O Sporting depende de linhas de financiamento no BCP (o seu maior credor) que não estão garantidas. Estas informações não são públicas, são de fontes do Negócios. Houve reuniões nos últimos dias com os bancos para decidir sobre estes financiamentos, que pela primeira vez não estão a ser automaticamente aprovados. O Sporting continua a vender passes de jogadores, rapando o fundo aos ativos. O tempo está a esgotar-se.
Eis uma situação nova na infernal vida financeira deste grande clube: poder não pagar despesas e dívidas. Se os bancos não aprovarem estas linhas, entraremos num território que os portugueses infelizmente conhecem: os “mercados” fecharem-se ao Sporting.

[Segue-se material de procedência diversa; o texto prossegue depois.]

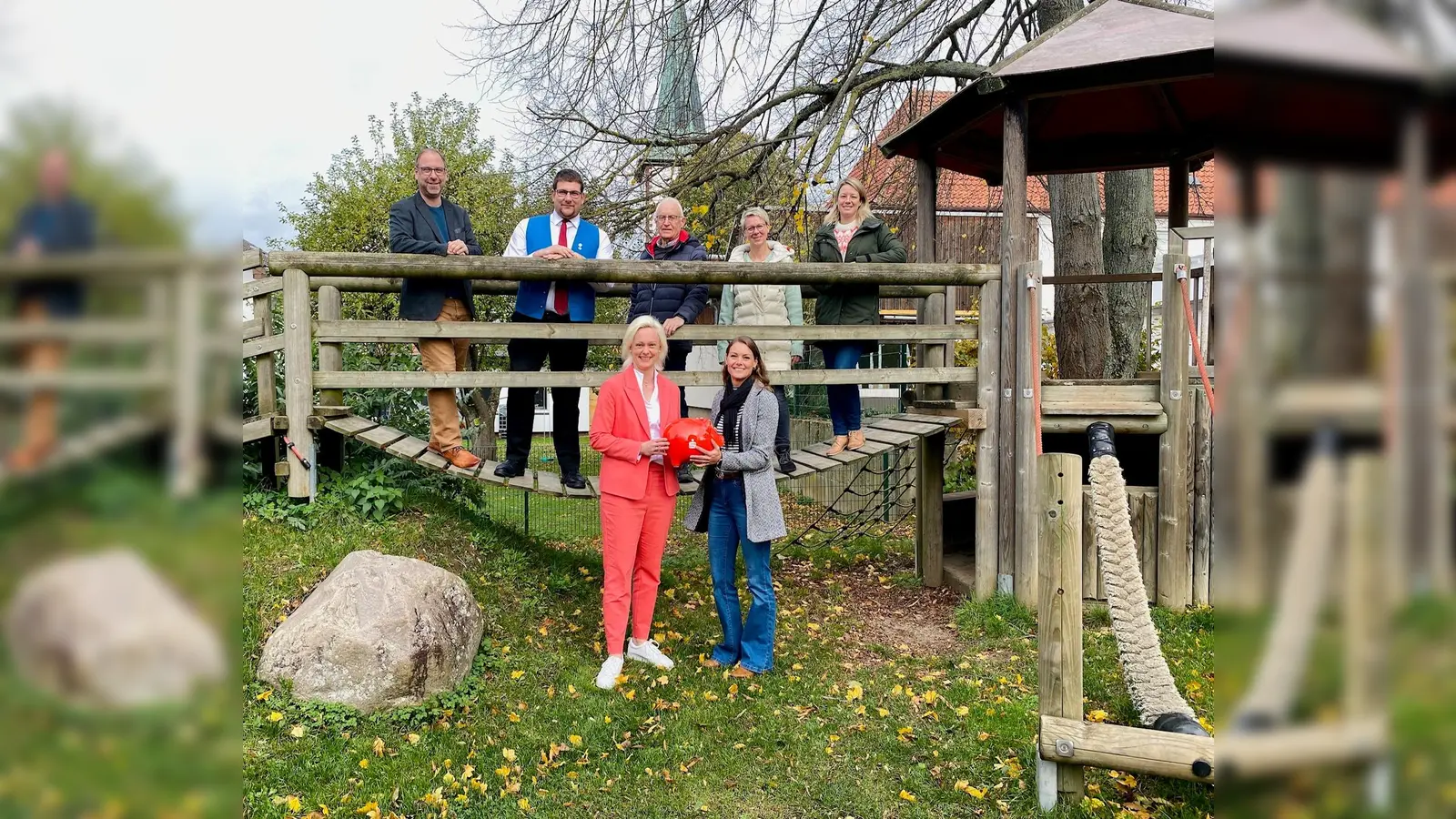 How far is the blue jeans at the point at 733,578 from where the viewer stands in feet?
17.4

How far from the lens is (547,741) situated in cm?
440

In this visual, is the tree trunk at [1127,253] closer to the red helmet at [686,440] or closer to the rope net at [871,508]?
the rope net at [871,508]

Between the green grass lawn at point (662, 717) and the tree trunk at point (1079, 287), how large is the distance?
3.56 meters

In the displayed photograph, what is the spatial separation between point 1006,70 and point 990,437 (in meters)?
2.59

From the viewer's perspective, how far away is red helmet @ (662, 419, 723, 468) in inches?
198

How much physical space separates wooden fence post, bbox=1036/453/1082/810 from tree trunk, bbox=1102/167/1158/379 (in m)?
6.09

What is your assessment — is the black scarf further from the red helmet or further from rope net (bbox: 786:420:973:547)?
rope net (bbox: 786:420:973:547)

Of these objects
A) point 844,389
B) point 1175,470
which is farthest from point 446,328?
point 1175,470

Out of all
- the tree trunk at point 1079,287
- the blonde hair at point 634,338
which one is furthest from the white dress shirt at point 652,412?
the tree trunk at point 1079,287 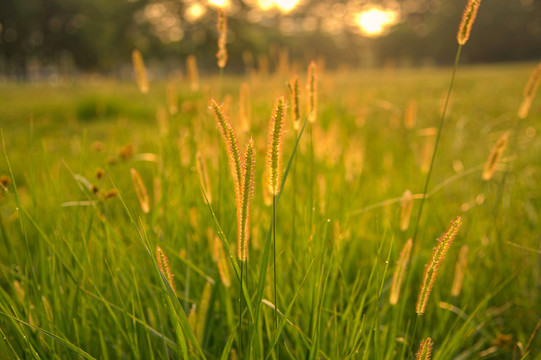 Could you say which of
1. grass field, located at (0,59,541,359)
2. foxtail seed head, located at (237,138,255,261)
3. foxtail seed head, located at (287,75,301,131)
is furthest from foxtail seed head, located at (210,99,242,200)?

Há anos que se fala nisto. Aqui mesmo, nesta coluna, há dois anos falámos desta insustentabilidade financeira e de como, numa crise generalizada de financiamento, é uma questão de tempo até as “falências técnicas” deixarem de ser uma abstração contabilística e passarem a sentir-se na pele dos trabalhadores, acionistas, credores – e da instituição. E isso, que assola milhares de empresas, e o próprio Estado, chegará aos clubes.
A situação é trágica e deve deixar tristes todos os amantes de futebol, mesmo os que não são amantes do Sporting. Os clubes não são divindades imunes às revoadas. O que se segue é negociação com credores, que pode evoluir para mais um “balão de oxigénio”, uma reestruturação, antecipação de receitas ou, no limite, um incumprimento: perdão forçado de parte da dívida. Há “troika” para o Sporting?